You’d think I’d be used to this, after almost 22 years, and really, I am. Academic work is very cyclical, and this is just, always, a particularly intense part of the cycle. Then suddenly, before it seems possible, classes will be over and there will be “just” exams and papers left, and then everything quiets right down for the summer, when both the work and the pace are different. I’m hanging in there reasonably well in the meantime, though every so often I feel a bit panicked. Clearly, though, one thing that has fallen by the wayside is blogging, partly because I haven’t been getting much interesting reading done outside of class. (I am now happily started on Helen Simonson’s The Summer Before the War, though, so there’s hope!)
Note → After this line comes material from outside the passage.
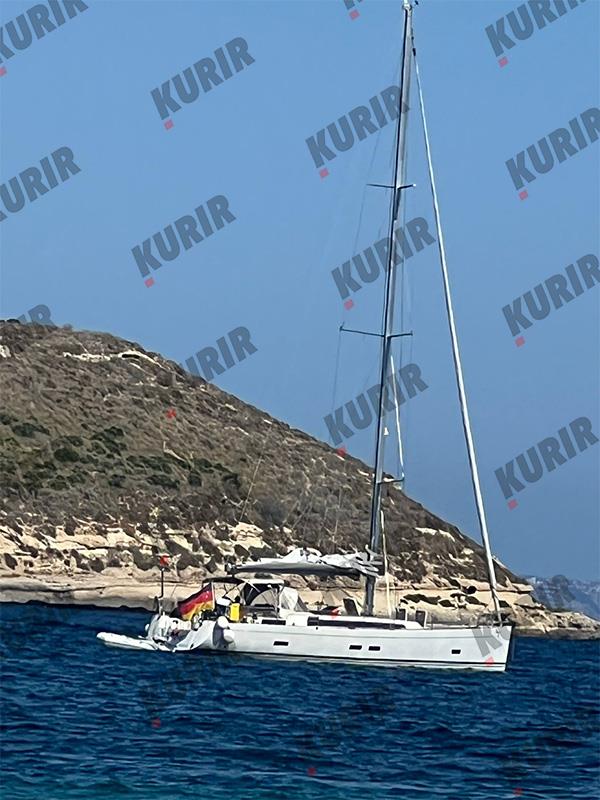 Nova Švajnijeva jedrilica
One nice thing is that the readings for both classes provided rich fodder for discussion recently. In Pulp Fiction we’ve just wrapped up our time on The Maltese Falcon. For our last session we talked mostly about Sam’s choice between love and justice at the end of the novel. “If they hang you, I’ll always remember you” is hardly a conventionally romantic declaration, but coming from Sam, it seems like a lot! What I find so interesting is that it seems at least possible that he really does love Brigid (though he doesn’t seem quite sure, and neither were we, overall), but it just doesn’t matter to him that much: he’s not even torn over it. We’re so used to stories (and songs, and greeting cards) in which all you need is love, but Sam believes other things matter more (“when a man’s partner dies, he’s supposed to do something about it”), and why not, really? I’m reminded of the scene in The West Wing when Leo’s wife complains that to him, his job (as White House Chief of Staff) is more important than his marriage. “Right now, it is,” he says, and in context that doesn’t seem unreasonable. Sam is a pretty objectionable guy in other ways, so I would never hold him up as exemplary, but it’s refreshing to have someone take the position that “maybe I love you, and maybe you love me” might not be what matters the most. Plus, what a neat segue that sets up for our unit on romance fiction, which starts very soon.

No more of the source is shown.